[Records excerpted from a collection]
= Beginning of Section =
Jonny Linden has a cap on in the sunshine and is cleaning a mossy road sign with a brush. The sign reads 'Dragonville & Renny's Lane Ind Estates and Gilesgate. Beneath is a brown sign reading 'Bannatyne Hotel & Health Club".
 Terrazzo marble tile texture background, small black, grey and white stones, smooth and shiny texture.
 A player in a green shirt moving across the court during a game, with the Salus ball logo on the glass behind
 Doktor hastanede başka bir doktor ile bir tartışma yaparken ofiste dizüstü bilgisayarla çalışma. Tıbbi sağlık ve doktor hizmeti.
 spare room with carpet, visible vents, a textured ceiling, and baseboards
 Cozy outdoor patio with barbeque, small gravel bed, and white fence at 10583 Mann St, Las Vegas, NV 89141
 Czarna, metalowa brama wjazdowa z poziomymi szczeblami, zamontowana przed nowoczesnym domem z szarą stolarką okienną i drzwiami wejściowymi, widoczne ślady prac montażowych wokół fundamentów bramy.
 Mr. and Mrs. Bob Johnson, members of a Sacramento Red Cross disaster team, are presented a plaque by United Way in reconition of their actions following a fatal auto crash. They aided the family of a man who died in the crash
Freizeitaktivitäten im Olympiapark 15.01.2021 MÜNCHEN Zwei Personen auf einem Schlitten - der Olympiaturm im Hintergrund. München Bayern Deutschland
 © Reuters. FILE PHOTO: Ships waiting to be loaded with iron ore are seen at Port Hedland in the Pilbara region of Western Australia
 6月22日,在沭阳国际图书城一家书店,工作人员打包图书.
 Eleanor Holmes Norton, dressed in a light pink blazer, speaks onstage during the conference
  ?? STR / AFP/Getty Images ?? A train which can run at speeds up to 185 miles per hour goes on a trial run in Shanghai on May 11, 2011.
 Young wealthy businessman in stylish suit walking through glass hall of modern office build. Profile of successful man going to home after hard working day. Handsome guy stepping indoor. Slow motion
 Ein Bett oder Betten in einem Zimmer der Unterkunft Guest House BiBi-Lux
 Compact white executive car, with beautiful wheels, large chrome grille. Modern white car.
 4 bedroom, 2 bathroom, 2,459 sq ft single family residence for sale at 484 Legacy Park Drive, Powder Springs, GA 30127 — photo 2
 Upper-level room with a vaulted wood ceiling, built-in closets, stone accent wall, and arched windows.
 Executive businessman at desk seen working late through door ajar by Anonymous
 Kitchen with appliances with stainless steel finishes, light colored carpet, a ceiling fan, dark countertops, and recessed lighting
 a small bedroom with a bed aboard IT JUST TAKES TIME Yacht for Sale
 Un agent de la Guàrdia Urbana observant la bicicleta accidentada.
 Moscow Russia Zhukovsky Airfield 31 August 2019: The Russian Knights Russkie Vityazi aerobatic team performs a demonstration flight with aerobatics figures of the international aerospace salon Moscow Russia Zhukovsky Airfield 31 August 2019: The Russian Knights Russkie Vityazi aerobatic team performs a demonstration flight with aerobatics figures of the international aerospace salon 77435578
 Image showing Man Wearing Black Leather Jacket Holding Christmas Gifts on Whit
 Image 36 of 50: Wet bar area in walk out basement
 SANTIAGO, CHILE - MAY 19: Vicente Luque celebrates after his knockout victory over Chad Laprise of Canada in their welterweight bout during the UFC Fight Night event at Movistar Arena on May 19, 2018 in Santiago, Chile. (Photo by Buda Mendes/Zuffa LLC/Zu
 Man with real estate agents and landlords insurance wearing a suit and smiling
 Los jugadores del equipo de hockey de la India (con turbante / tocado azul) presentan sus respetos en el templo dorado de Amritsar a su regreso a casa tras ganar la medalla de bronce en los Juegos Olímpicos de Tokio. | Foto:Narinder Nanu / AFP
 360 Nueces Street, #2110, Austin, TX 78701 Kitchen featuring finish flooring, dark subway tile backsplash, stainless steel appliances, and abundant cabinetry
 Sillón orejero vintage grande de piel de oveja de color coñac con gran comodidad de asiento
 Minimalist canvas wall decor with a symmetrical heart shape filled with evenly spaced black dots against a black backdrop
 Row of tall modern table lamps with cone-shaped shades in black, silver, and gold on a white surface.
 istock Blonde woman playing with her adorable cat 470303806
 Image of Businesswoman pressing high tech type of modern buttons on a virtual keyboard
= End of Section =
If a line of the data holds the string "appliances", list it.

 Kitchen with appliances with stainless steel finishes, light colored carpet, a ceiling fan, dark countertops, and recessed lighting
 360 Nueces Street, #2110, Austin, TX 78701 Kitchen featuring finish flooring, dark subway tile backsplash, stainless steel appliances, and abundant cabinetry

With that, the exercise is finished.